## Work order
Please return the full listing below without altering anything.

## Study material
+===+

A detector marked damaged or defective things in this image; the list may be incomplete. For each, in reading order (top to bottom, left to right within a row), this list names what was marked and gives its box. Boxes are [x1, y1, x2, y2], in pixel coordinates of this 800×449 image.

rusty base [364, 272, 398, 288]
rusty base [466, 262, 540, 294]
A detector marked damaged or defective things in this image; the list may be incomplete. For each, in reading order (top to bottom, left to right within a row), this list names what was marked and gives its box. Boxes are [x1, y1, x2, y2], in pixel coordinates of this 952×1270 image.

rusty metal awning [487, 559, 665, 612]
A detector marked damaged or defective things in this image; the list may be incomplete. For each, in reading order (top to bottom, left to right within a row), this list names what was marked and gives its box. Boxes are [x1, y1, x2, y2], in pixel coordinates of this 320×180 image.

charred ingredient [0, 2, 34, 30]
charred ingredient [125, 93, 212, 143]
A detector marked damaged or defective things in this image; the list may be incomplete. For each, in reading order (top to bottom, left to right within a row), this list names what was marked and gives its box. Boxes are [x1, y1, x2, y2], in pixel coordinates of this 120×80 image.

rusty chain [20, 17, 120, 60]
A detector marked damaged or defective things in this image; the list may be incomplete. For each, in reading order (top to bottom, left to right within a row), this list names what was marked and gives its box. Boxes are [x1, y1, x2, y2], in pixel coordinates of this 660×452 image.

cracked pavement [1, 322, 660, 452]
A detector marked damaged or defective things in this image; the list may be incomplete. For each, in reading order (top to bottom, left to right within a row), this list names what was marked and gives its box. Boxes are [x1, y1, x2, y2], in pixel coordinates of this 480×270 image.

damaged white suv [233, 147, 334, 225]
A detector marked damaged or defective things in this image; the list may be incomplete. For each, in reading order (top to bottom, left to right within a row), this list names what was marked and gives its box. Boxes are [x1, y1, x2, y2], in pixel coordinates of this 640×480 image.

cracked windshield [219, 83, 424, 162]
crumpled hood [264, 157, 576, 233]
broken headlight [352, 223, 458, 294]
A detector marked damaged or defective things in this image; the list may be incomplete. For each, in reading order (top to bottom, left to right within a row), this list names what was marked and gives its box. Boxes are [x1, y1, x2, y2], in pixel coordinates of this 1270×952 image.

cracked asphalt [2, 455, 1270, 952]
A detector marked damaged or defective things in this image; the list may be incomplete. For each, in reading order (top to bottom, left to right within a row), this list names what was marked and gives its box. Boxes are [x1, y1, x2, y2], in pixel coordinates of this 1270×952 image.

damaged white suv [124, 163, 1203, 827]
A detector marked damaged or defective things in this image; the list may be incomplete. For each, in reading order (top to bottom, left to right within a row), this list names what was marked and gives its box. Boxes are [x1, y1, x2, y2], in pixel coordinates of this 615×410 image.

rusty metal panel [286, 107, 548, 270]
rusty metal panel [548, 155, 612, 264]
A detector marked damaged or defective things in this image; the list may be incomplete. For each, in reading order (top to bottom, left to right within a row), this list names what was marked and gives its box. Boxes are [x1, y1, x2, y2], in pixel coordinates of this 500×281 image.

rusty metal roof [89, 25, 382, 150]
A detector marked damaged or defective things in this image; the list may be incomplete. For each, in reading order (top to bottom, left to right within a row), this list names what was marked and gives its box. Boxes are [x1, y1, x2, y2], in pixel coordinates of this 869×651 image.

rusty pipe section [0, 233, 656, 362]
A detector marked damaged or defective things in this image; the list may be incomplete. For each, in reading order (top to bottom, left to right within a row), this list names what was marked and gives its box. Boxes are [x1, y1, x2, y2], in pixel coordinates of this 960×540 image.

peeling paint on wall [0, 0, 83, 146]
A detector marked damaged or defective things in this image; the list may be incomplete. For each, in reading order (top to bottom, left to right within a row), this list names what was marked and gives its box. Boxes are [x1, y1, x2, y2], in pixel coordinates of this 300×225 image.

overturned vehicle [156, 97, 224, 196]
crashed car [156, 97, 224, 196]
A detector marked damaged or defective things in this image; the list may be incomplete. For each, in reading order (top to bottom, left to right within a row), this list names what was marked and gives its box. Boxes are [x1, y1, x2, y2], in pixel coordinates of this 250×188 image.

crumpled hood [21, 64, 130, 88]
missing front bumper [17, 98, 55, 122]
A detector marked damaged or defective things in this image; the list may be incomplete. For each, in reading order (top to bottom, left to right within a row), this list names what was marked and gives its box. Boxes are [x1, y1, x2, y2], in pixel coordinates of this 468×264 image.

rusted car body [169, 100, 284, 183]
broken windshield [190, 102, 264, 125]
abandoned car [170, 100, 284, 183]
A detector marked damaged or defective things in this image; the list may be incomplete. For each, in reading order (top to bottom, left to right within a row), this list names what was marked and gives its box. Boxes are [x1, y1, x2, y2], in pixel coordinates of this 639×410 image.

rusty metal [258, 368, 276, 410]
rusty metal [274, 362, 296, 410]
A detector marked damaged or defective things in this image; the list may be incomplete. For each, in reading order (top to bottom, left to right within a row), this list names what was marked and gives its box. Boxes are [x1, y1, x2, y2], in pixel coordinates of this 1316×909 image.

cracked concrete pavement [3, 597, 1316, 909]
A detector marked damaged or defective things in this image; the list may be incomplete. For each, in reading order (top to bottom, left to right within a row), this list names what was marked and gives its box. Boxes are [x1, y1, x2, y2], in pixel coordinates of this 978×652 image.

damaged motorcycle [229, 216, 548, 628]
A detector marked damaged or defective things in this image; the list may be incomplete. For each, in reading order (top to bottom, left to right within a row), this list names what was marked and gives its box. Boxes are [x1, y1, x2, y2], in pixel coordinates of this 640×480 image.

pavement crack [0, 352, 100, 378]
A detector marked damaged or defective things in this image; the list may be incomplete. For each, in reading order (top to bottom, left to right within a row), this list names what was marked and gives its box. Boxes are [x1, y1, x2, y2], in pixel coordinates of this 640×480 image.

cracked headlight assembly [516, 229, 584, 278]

+===+

## Exercise solution
A detector marked damaged or defective things in this image; the list may be incomplete. For each, in reading order (top to bottom, left to right within a row), this list names what was marked and gives its box. Boxes are [x1, y1, x2, y2], in pixel coordinates of this 800×449 image.

rusty base [364, 272, 398, 288]
rusty base [466, 262, 540, 294]
A detector marked damaged or defective things in this image; the list may be incomplete. For each, in reading order (top to bottom, left to right within a row), this list names what was marked and gives its box. Boxes are [x1, y1, x2, y2], in pixel coordinates of this 952×1270 image.

rusty metal awning [487, 559, 665, 612]
A detector marked damaged or defective things in this image; the list may be incomplete. For each, in reading order (top to bottom, left to right within a row), this list names what was marked and gives its box. Boxes are [x1, y1, x2, y2], in pixel coordinates of this 320×180 image.

charred ingredient [0, 2, 34, 30]
charred ingredient [125, 93, 212, 143]
A detector marked damaged or defective things in this image; the list may be incomplete. For each, in reading order (top to bottom, left to right within a row), this list names what was marked and gives its box. Boxes are [x1, y1, x2, y2], in pixel coordinates of this 120×80 image.

rusty chain [20, 17, 120, 60]
A detector marked damaged or defective things in this image; the list may be incomplete. For each, in reading order (top to bottom, left to right within a row), this list names what was marked and gives its box. Boxes are [x1, y1, x2, y2], in pixel coordinates of this 660×452 image.

cracked pavement [1, 322, 660, 452]
A detector marked damaged or defective things in this image; the list may be incomplete. For each, in reading order (top to bottom, left to right within a row), this list names what was marked and gives its box. Boxes are [x1, y1, x2, y2], in pixel coordinates of this 480×270 image.

damaged white suv [233, 147, 334, 225]
A detector marked damaged or defective things in this image; the list may be incomplete. For each, in reading order (top to bottom, left to right within a row), this list names what was marked and gives its box. Boxes are [x1, y1, x2, y2], in pixel coordinates of this 640×480 image.

cracked windshield [219, 83, 424, 162]
crumpled hood [264, 157, 576, 233]
broken headlight [352, 223, 458, 294]
A detector marked damaged or defective things in this image; the list may be incomplete. For each, in reading order (top to bottom, left to right within a row), this list names what was marked and gives its box. Boxes are [x1, y1, x2, y2], in pixel coordinates of this 1270×952 image.

cracked asphalt [2, 455, 1270, 952]
A detector marked damaged or defective things in this image; the list may be incomplete. For each, in reading order (top to bottom, left to right within a row), this list names what was marked and gives its box. Boxes are [x1, y1, x2, y2], in pixel coordinates of this 1270×952 image.

damaged white suv [124, 163, 1203, 827]
A detector marked damaged or defective things in this image; the list may be incomplete. For each, in reading order (top to bottom, left to right within a row), this list names what was marked and gives its box. Boxes are [x1, y1, x2, y2], in pixel coordinates of this 615×410 image.

rusty metal panel [286, 107, 548, 270]
rusty metal panel [548, 155, 612, 264]
A detector marked damaged or defective things in this image; the list may be incomplete. For each, in reading order (top to bottom, left to right within a row), this list names what was marked and gives its box. Boxes are [x1, y1, x2, y2], in pixel coordinates of this 500×281 image.

rusty metal roof [89, 25, 382, 150]
A detector marked damaged or defective things in this image; the list may be incomplete. For each, in reading order (top to bottom, left to right within a row), this list names what was marked and gives its box. Boxes are [x1, y1, x2, y2], in pixel coordinates of this 869×651 image.

rusty pipe section [0, 233, 656, 362]
A detector marked damaged or defective things in this image; the list may be incomplete. For each, in reading order (top to bottom, left to right within a row), this list names what was marked and gives its box. Boxes are [x1, y1, x2, y2], in pixel coordinates of this 960×540 image.

peeling paint on wall [0, 0, 83, 146]
A detector marked damaged or defective things in this image; the list may be incomplete. For each, in reading order (top to bottom, left to right within a row), this list names what was marked and gives its box. Boxes are [x1, y1, x2, y2], in pixel coordinates of this 300×225 image.

overturned vehicle [156, 97, 224, 196]
crashed car [156, 97, 224, 196]
A detector marked damaged or defective things in this image; the list may be incomplete. For each, in reading order (top to bottom, left to right within a row), this list names what was marked and gives its box. Boxes are [x1, y1, x2, y2], in pixel coordinates of this 250×188 image.

crumpled hood [21, 64, 130, 88]
missing front bumper [17, 98, 55, 122]
A detector marked damaged or defective things in this image; the list may be incomplete. For each, in reading order (top to bottom, left to right within a row), this list names what was marked and gives its box. Boxes are [x1, y1, x2, y2], in pixel coordinates of this 468×264 image.

rusted car body [169, 100, 284, 183]
broken windshield [190, 102, 264, 125]
abandoned car [170, 100, 284, 183]
A detector marked damaged or defective things in this image; the list may be incomplete. For each, in reading order (top to bottom, left to right within a row), this list names what was marked and gives its box. Boxes are [x1, y1, x2, y2], in pixel coordinates of this 639×410 image.

rusty metal [258, 368, 276, 410]
rusty metal [274, 362, 296, 410]
A detector marked damaged or defective things in this image; the list may be incomplete. For each, in reading order (top to bottom, left to right within a row), this list names what was marked and gives its box. Boxes are [x1, y1, x2, y2], in pixel coordinates of this 1316×909 image.

cracked concrete pavement [3, 597, 1316, 909]
A detector marked damaged or defective things in this image; the list may be incomplete. For each, in reading order (top to bottom, left to right within a row), this list names what was marked and gives its box. Boxes are [x1, y1, x2, y2], in pixel coordinates of this 978×652 image.

damaged motorcycle [229, 216, 548, 628]
A detector marked damaged or defective things in this image; the list may be incomplete. For each, in reading order (top to bottom, left to right within a row), this list names what was marked and gives its box. Boxes are [x1, y1, x2, y2], in pixel coordinates of this 640×480 image.

pavement crack [0, 352, 100, 378]
A detector marked damaged or defective things in this image; the list may be incomplete. For each, in reading order (top to bottom, left to right within a row), this list names what was marked and gives its box. Boxes are [x1, y1, x2, y2], in pixel coordinates of this 640×480 image.

cracked headlight assembly [516, 229, 584, 278]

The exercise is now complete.